• _What the exercise asks_
Below is a listing with pictures. Repeat exactly the lines starting at the one holding "Put auf Mondelez" and going on through the one holding "[SLAVERY & ABOLITION].", and leave every picture out.

• _Entries shown_
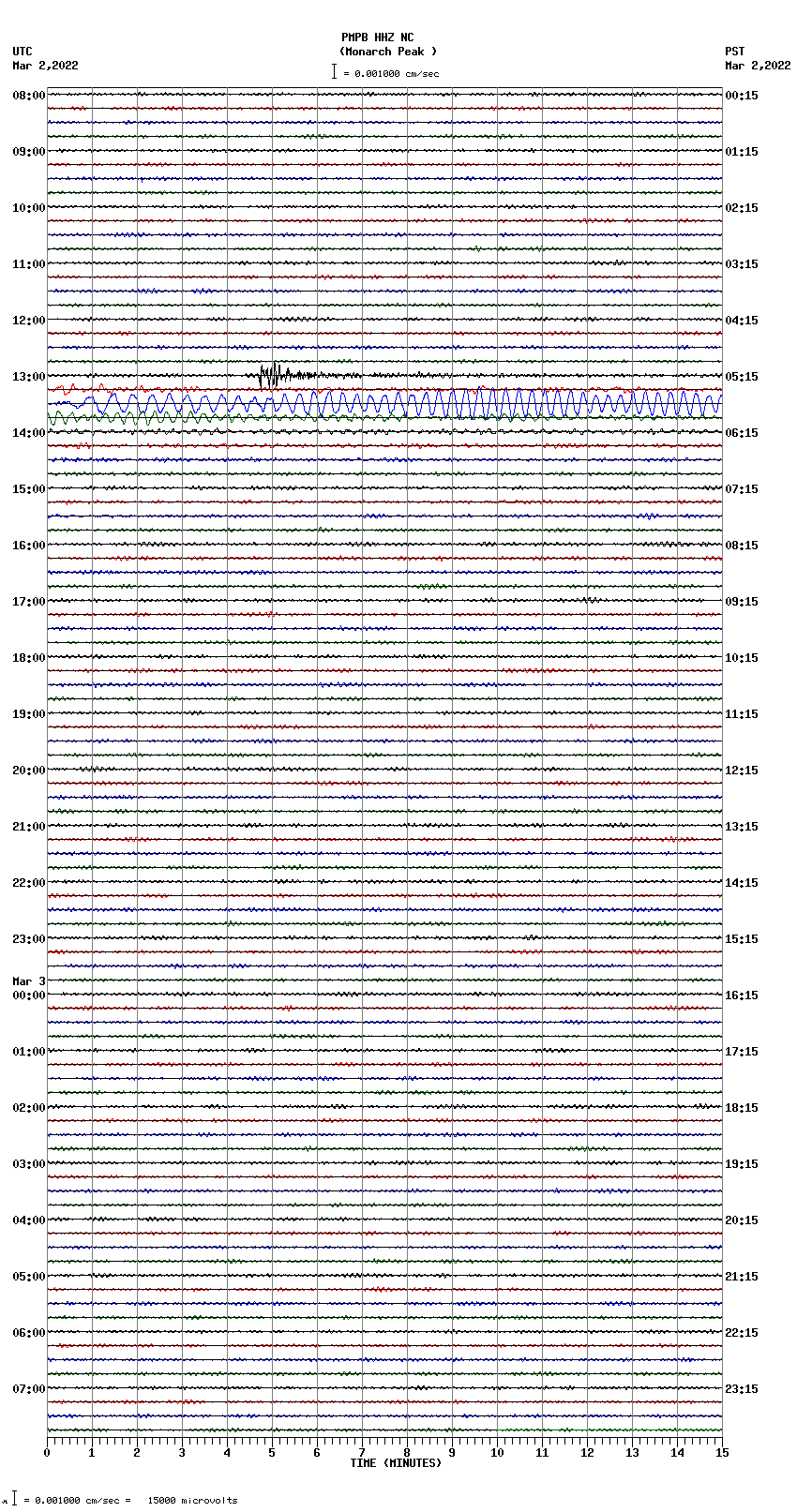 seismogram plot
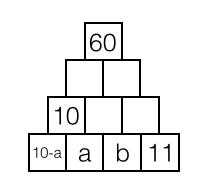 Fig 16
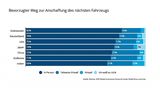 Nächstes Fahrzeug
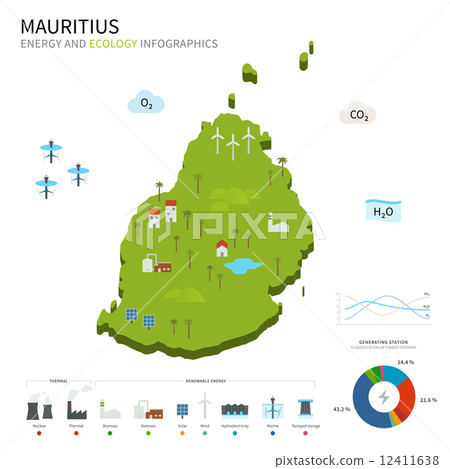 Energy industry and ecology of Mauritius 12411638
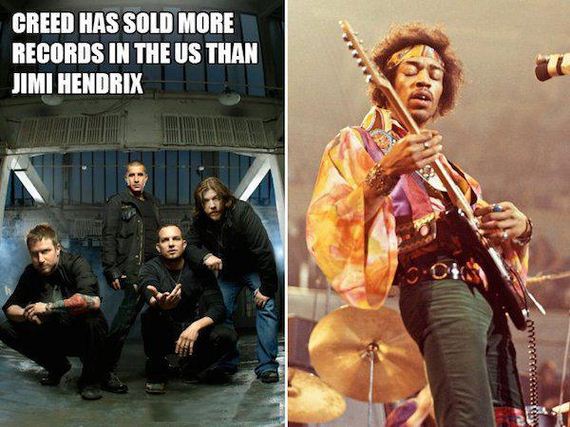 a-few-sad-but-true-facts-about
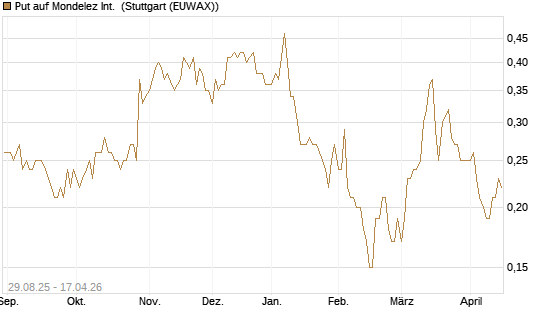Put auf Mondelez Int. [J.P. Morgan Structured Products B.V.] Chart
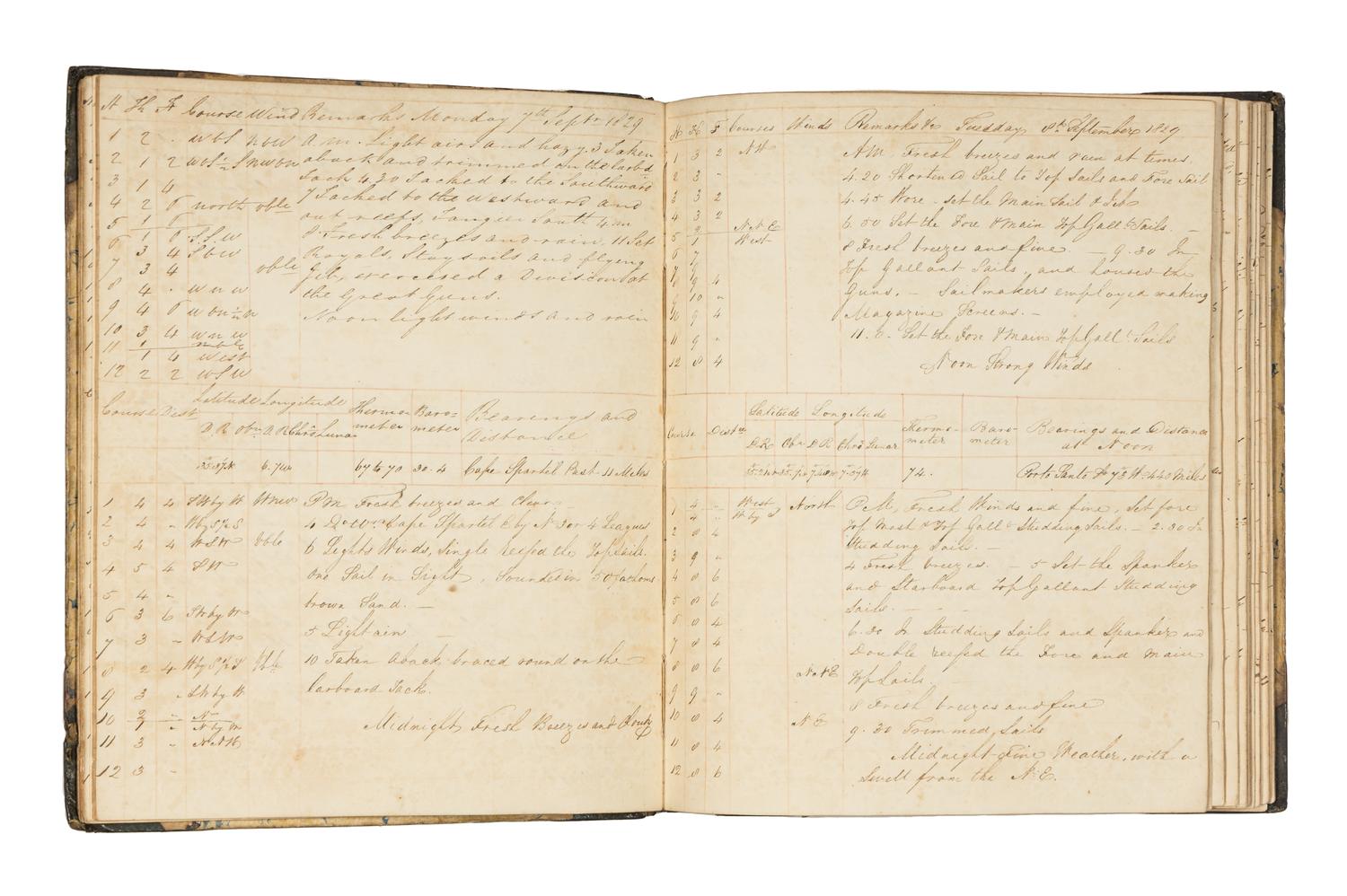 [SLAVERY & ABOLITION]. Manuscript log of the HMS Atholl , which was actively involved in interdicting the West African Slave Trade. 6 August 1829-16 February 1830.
==
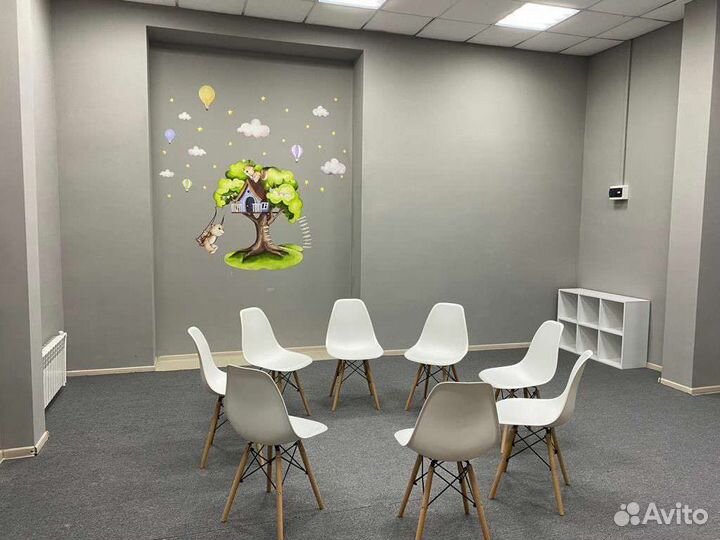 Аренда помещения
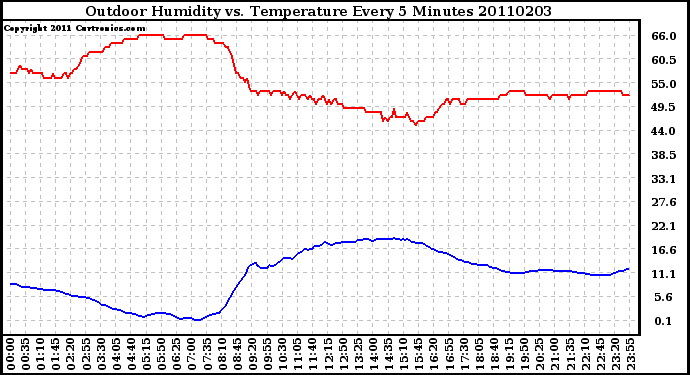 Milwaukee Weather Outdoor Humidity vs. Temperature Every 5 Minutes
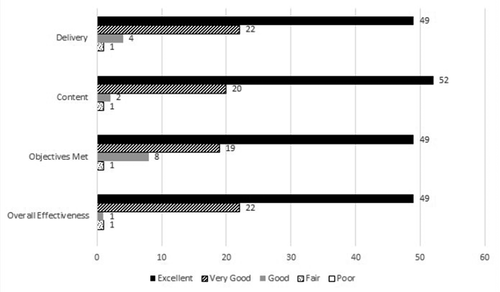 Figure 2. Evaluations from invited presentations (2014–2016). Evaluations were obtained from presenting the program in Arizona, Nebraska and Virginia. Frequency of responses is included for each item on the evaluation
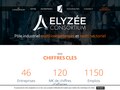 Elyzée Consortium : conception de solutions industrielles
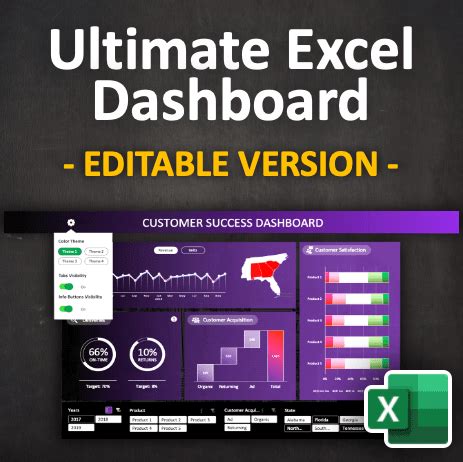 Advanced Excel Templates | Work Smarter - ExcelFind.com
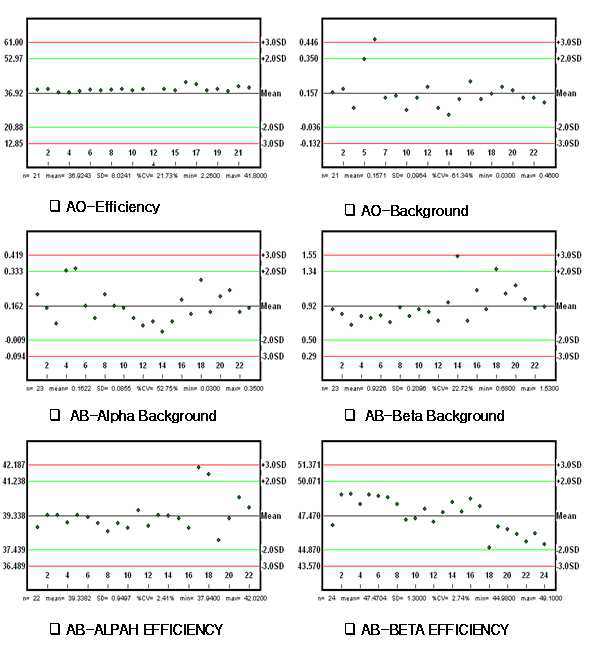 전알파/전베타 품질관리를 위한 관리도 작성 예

• _Task solution_
Put auf Mondelez Int. [J.P. Morgan Structured Products B.V.] Chart
 [SLAVERY & ABOLITION]. Manuscript log of the HMS Atholl , which was actively involved in interdicting the West African Slave Trade. 6 August 1829-16 February 1830.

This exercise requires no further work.